Write every line below out again, exactly as given, but leave out the pictures.

» **INFORMATION PROVIDED**
_ _ _

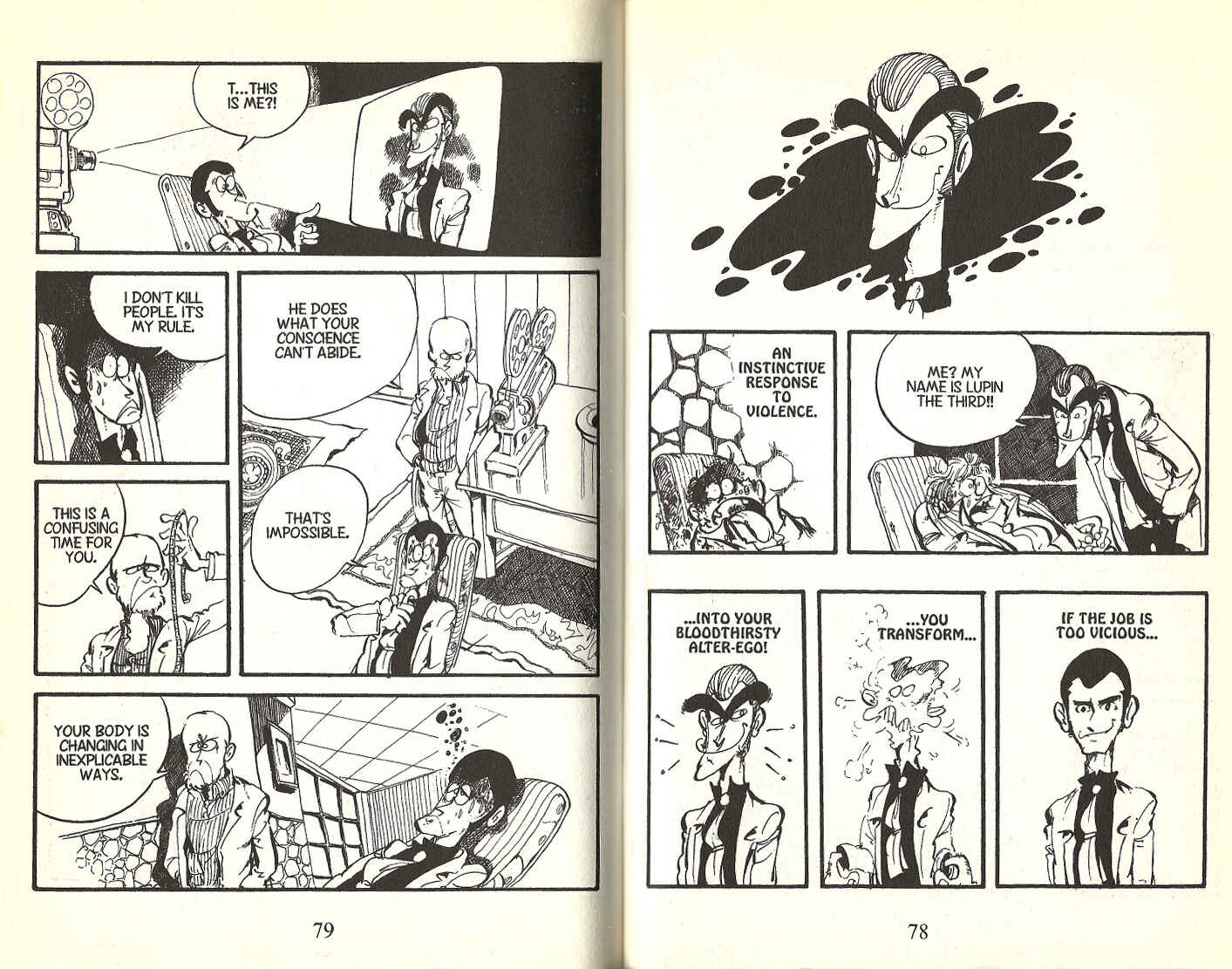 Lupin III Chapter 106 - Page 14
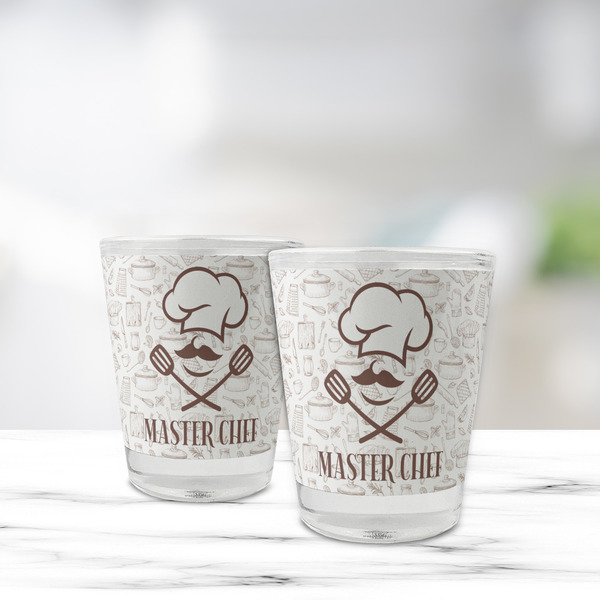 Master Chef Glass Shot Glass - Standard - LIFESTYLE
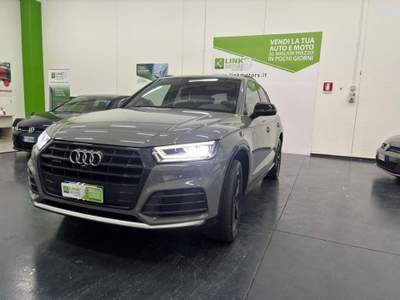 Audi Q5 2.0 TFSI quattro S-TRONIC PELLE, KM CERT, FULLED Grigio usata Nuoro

_ _ _

» **WRITTEN RESPONSE**
 Lupin III Chapter 106 - Page 14
 Master Chef Glass Shot Glass - Standard - LIFESTYLE
 Audi Q5 2.0 TFSI quattro S-TRONIC PELLE, KM CERT, FULLED Grigio usata Nuoro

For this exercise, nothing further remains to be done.